When and how does my doctor determine the stage of my breast cancer?
The stages of cancer are important to understand because they let you know how serious your cancer is, in a general way. Normally, the higher the stage of cancer, the more advanced the disease. It's helpful to understand what the stages are.
There are several different staging systems for breast cancer, but the most commonly used is the TNM system, which stands for Tumor, Node, and Metastasis. The T stage refers to the size and location of the primary tumor, the N stage refers to the presence and spread of cancer to the lymph nodes, and the M stage refers to the presence of metastasis or spread of cancer to other parts of the body.
To determine the stage of your breast cancer, your doctor will review the results of various diagnostic tests, including a physical examination, mammography, ultrasound, and biopsy.
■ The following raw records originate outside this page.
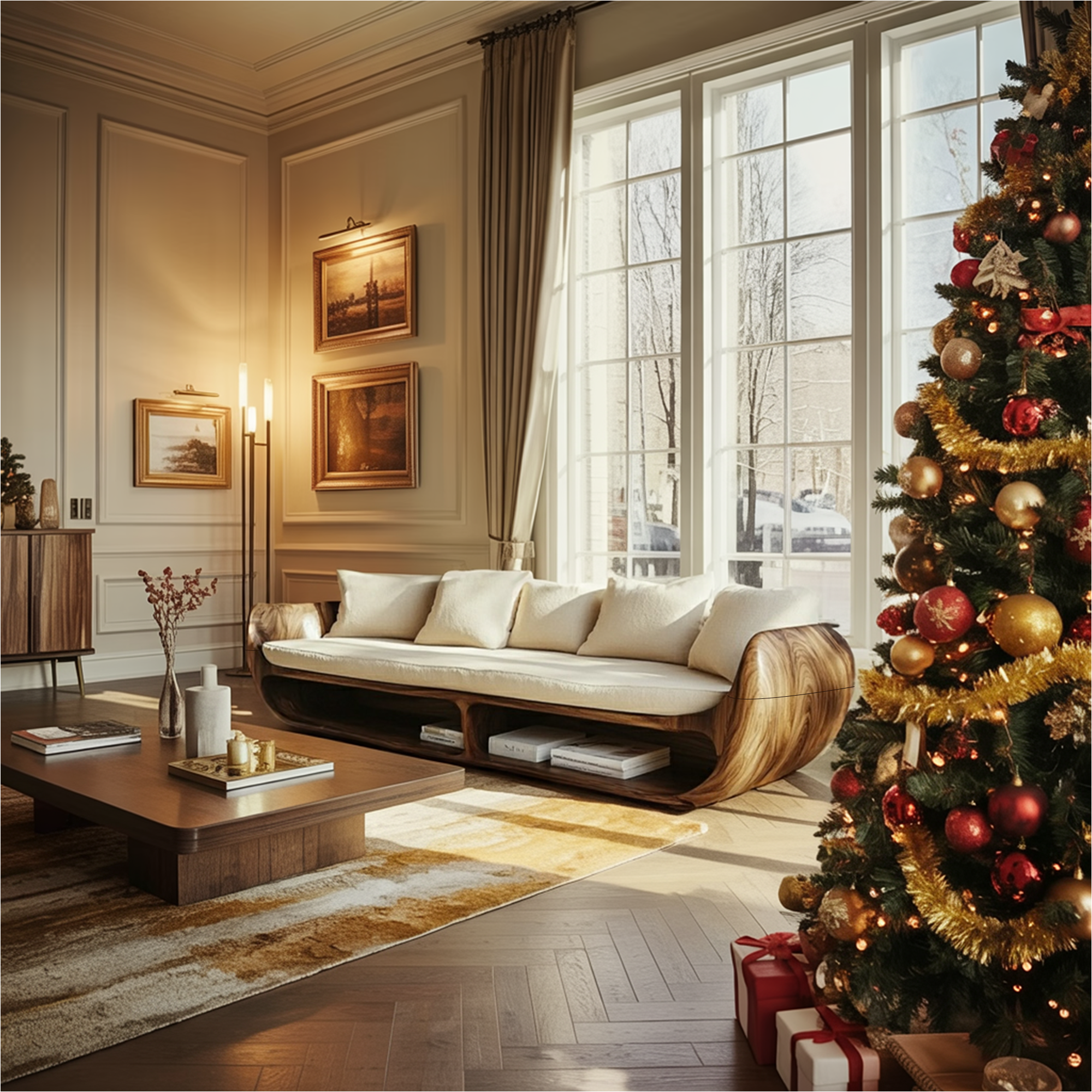 Rustic Sculptural Sofa Christmas Holiday Living Room Decor SINLKIWC027
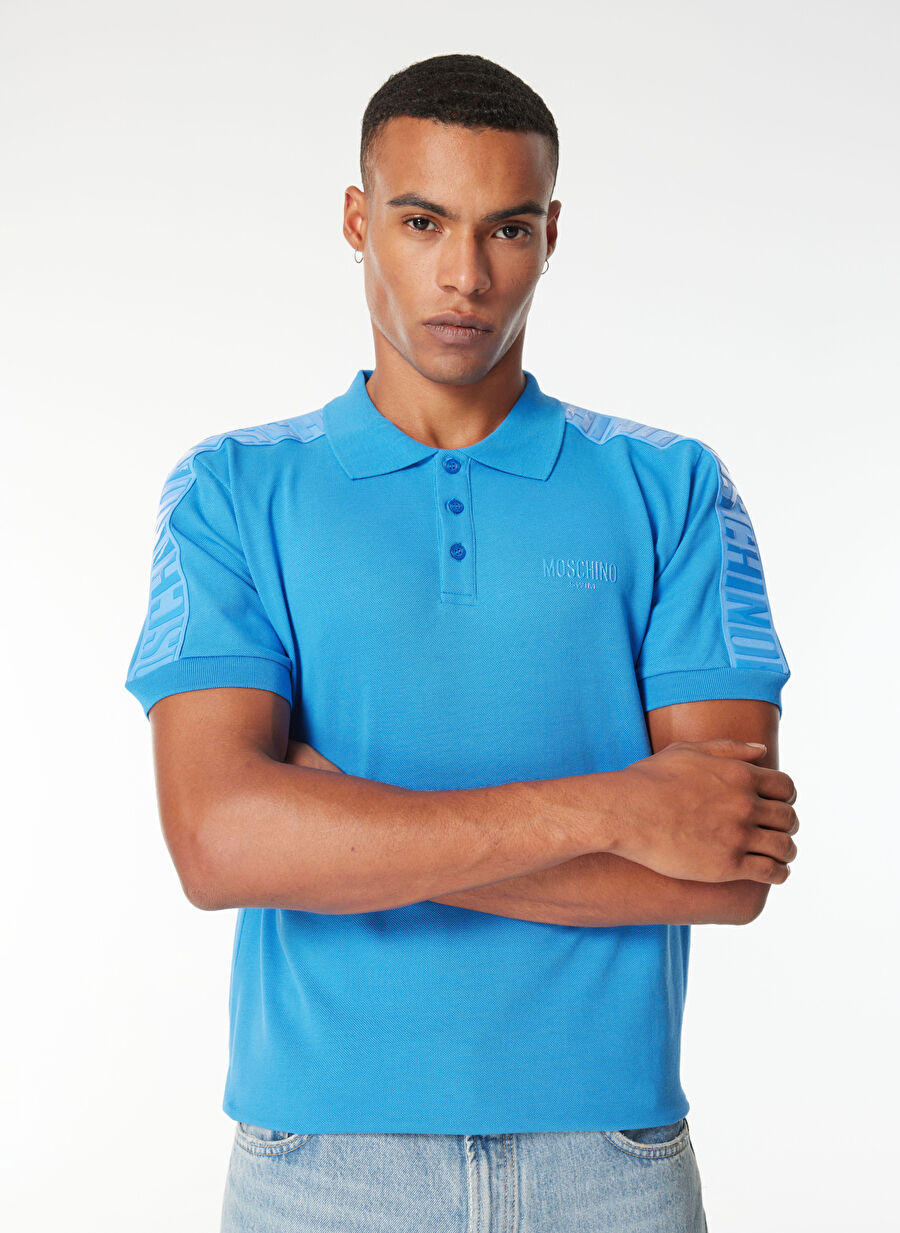Moschino Mavi Erkek Desenli Polo T-Shirt 241V3a1604 - 15131820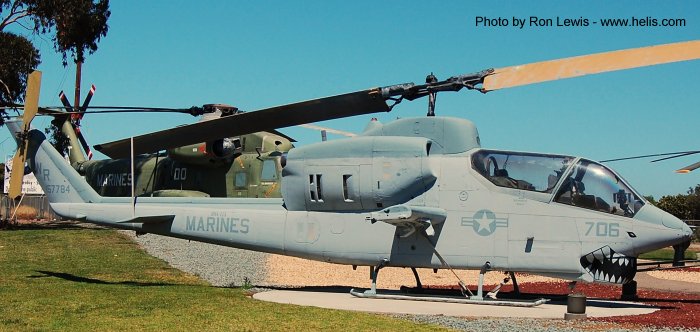 Helicopter Bell AH-1J Sea Cobra Serial 26028 Register 157784 used by US Marine Corps USMC. Built 1970. Aircraft history and location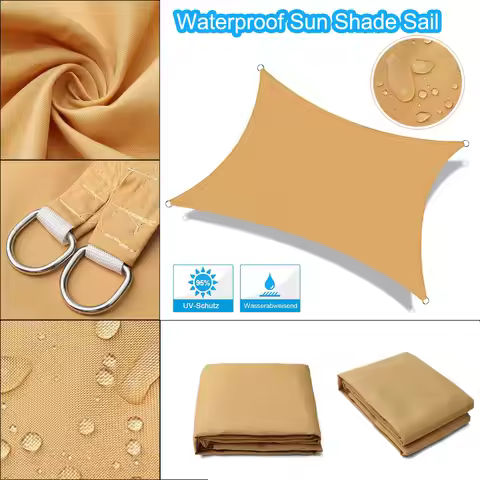 Waterproof 420D Sand Square Rectangle Shade Sail Garden Terrace Canopy Swimming Sun Shade Camping Hi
They may also order imaging tests such as a CT scan, MRI, or PET scan to evaluate the extent of cancer and whether it has spread to other parts of the body. Based on the results of these tests, your doctor will assign a stage to your breast cancer using the TNM system.
It is important to note that the stage of breast cancer is not fixed and can change over time as more information becomes available or if cancer progresses. Therefore, it is important to continue to follow up with your healthcare team regularly and undergo any recommended tests or treatments as part of your ongoing care.